Aquí, las mujeres, en la mañana de Pascua, experimentan esto, pero de una manera mucho mayor. ¿Por qué? Porque la resurrección de Jesús no es sólo una noticia maravillosa o el final feliz de una historia, sino algo que cambia nuestras vidas y la cambia por completo y para siempre. Es la victoria de la vida sobre la muerte, esta es la Resurrección de Jesús. Es la victoria de la esperanza sobre el desaliento. Jesús ha atravesado la oscuridad de la tumba y vive para siempre: su presencia puede llenarlo todo de luz. Con Él cada día se convierte en la etapa de un viaje eterno, cada "hoy" puede esperar un "mañana", cada final un nuevo comienzo, cada instante se proyecta más allá de los límites del tiempo, hacia la eternidad.
Hermanos, hermanas, la alegría de la Resurrección no es algo lejano.

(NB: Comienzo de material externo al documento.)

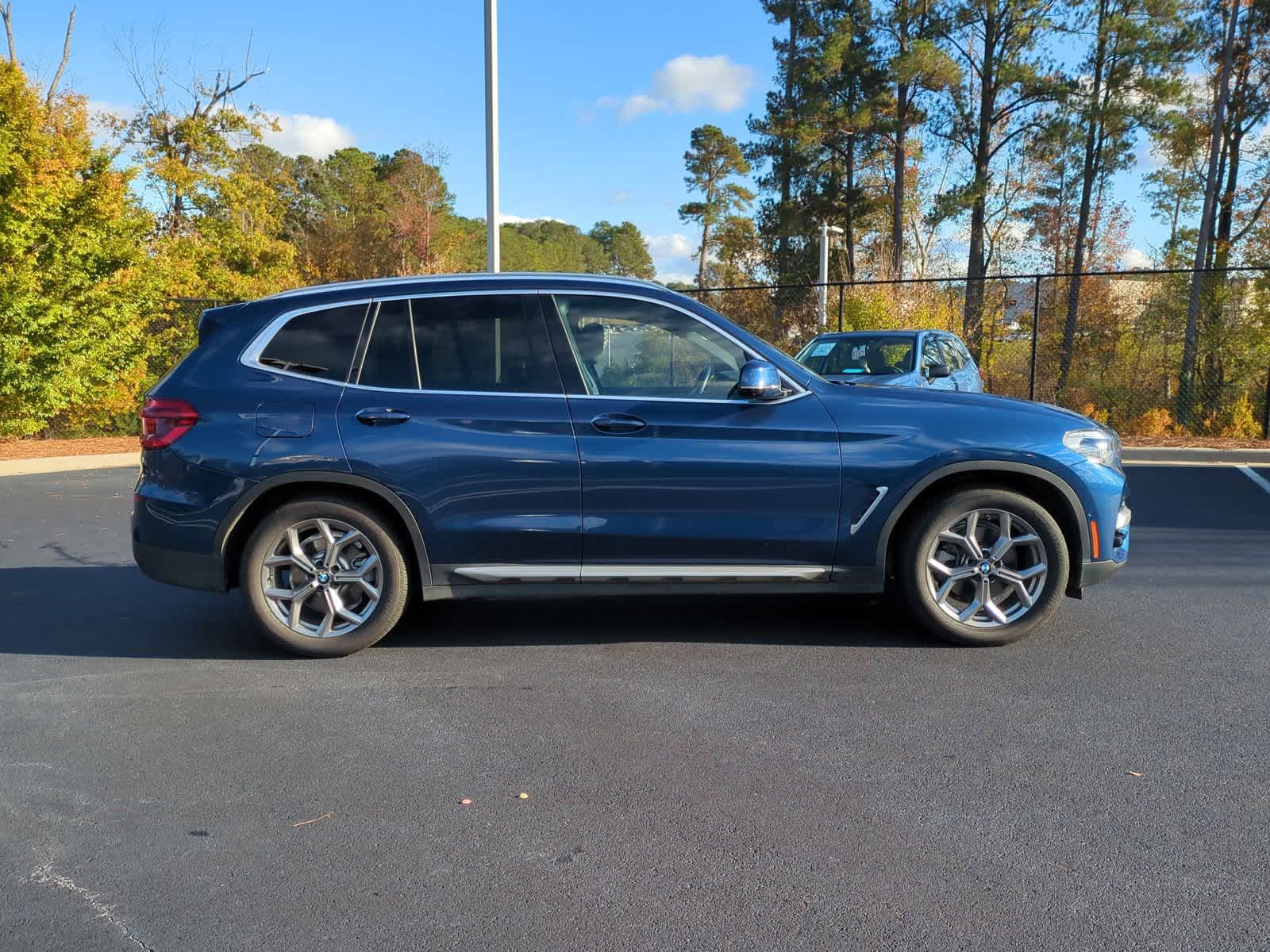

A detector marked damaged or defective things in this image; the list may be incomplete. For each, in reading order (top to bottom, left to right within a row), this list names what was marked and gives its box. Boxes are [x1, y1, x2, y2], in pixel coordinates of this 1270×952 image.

pavement crack [29, 863, 157, 952]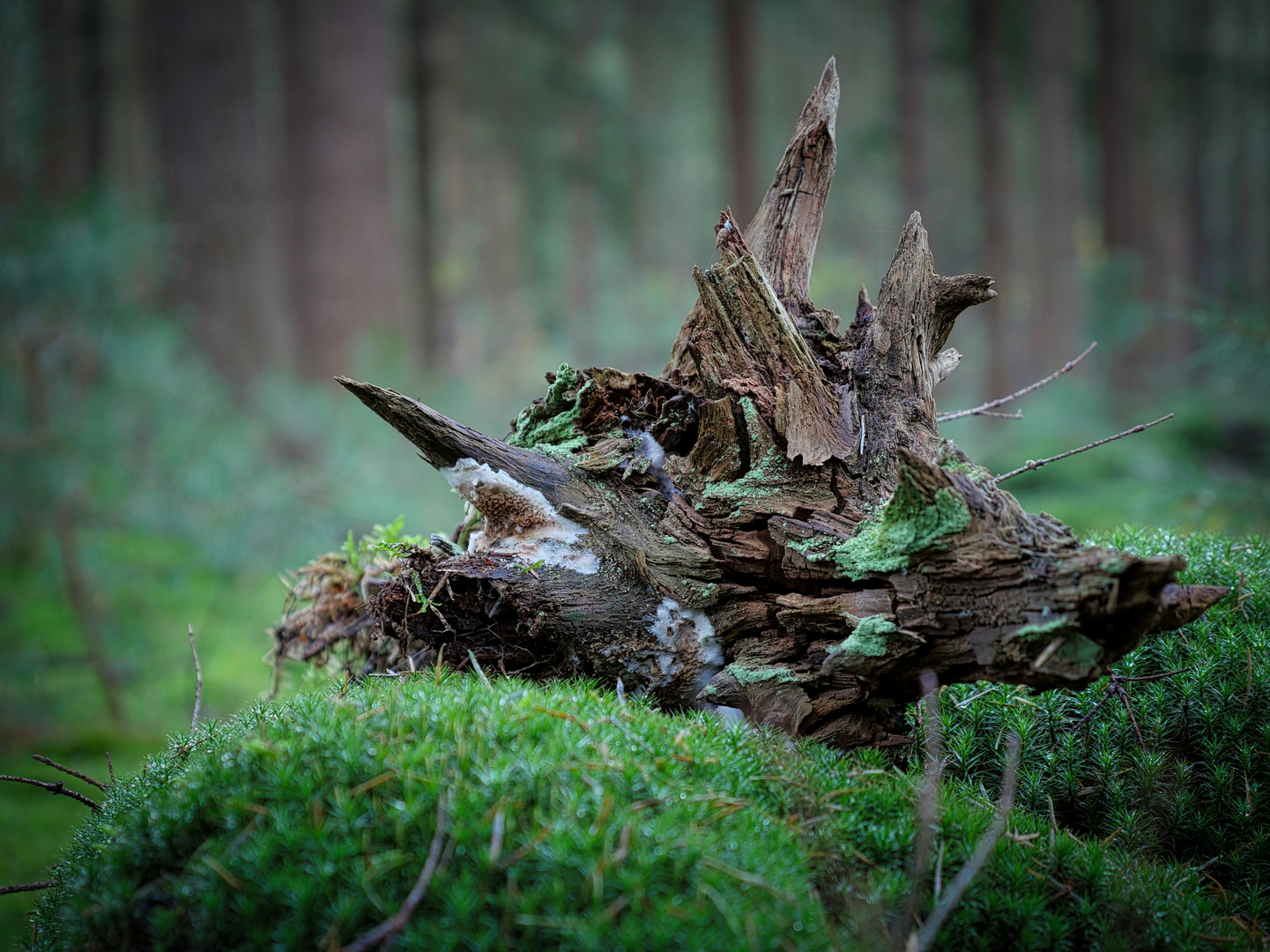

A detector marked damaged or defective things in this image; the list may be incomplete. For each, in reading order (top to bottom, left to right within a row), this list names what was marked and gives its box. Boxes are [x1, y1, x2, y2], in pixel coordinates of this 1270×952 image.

Está muy cerca, es nuestra, porque nos fue dada el día de nuestro Bautismo. Desde entonces, también nosotros, como las mujeres, podemos encontrar al Resucitado y Él, como ellas, nos dice: "¡No temáis!" (v 10). Hermanos y hermanas no renunciemos a la alegría de la Pascua.
Pero, ¿cómo alimentar esta alegría? Como hicieron las mujeres: encontrando al Resucitado, porque Él es la fuente de una alegría que nunca se agota. Apresurémonos a buscarlo en la Eucaristía, en su perdón, en la oración y en la caridad vivida. La alegría, cuando se comparte, aumenta. Compartamos la alegría del Resucitado.
Y la Virgen María, que en Pascua se alegró de su Hijo resucitado, nos ayude a ser sus testigos gozosos.